This is because there are two real ways, at least theoretically, to travel into the future. Before exploring them, it is important to understand a principle related to the limits of the speed of light.
What Happens When You Travel Near the Speed of Light?
To understand how strange the speed of light is, consider this analogy. If you are on a train moving at 100 miles per hour and you throw a ball at 10 miles per hour, the ball would actually move at 110 miles per hour to an outside observer. The speed of light, however, is the same for everyone. No matter how fast a spaceship is moving, light always travels at 299,792 kilometers per second.

For this to hold true in the physics of the universe, something has to adjust. Distance and time are what change depending on the observer's speed.
This means that if a spaceship were hypothetically traveling close to the speed of light, the space in the direction it moves would contract, causing less time to pass for those on the ship compared to an observer on Earth. Meanwhile, someone on Earth would see time on the ship passing more slowly.
The strange part is that once the hypothetical astronaut returns to Earth, there could be a difference of decades, even though for them only a few months or years may have passed.
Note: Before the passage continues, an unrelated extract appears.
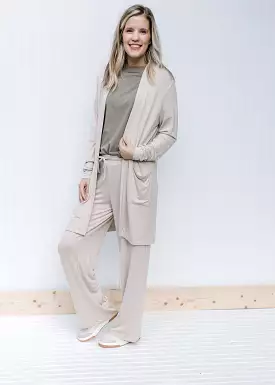 X Comfy Casual Kimono Duster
You have probably read or heard about the twin paradox. It is another analogy for understanding what could happen if a traveler moves through space at near-light speeds and then returns to Earth.
To keep it simple, just remember that speeds and distances are relative. In the universe, space and time can be measured differently depending on how fast an object is moving.
How Do We Know Traveling to the Future Is Possible?
We do not actually need to accelerate a spaceship to relativistic speeds, because this happens right here on Earth. For example, GPS satellites need to adjust their clocks. Interestingly, they experience two effects. Their speed, over 25,000 kilometers per hour, and Earth's gravity both influence time.
Speed alone would make their clocks run slower, but since they are less affected by gravity, their clocks actually run faster. They must be adjusted by about 38 microseconds per day to maintain accuracy.
You Are Traveling to the Future
When you run, you are already experiencing time dilation compared to a stationary observer. It is just not noticeable because it only becomes significant at extremely high speeds, close to the speed of light.
Black Holes

Black holes are among the strangest events in the universe. They form when a massive star collapses under its own gravity. Fortunately, our Sun will never become a black hole. It would need to have between 20 and 25 solar masses to have that terrifying potential.
How Could a Black Hole Enable Time Travel?
If you have seen Interstellar, you know the main characters travel to a planet very close to a black hole. Because of the intense gravity, time on that planet passes much slower than on Earth.
In the movie, one hour on Miller's planet near the supermassive black hole equals seven Earth years. In reality, it depends on the mass of the black hole and how close you are to it.
Hypothetically, if you were in that situation, spending just one day on such a planet under the black hole's intense gravity could mean that when you return to Earth, everyone you once knew might have passed away because 168 years would have gone by.
How Far Are We from Traveling to the Future?
Extremely far. To put it in perspective, the fastest spacecraft we have ever launched is the Parker Solar Probe, which reached a maximum speed of about 692,000 kilometers per hour. This is only 0.064 percent of the speed of light. It is still operational, studying the Sun.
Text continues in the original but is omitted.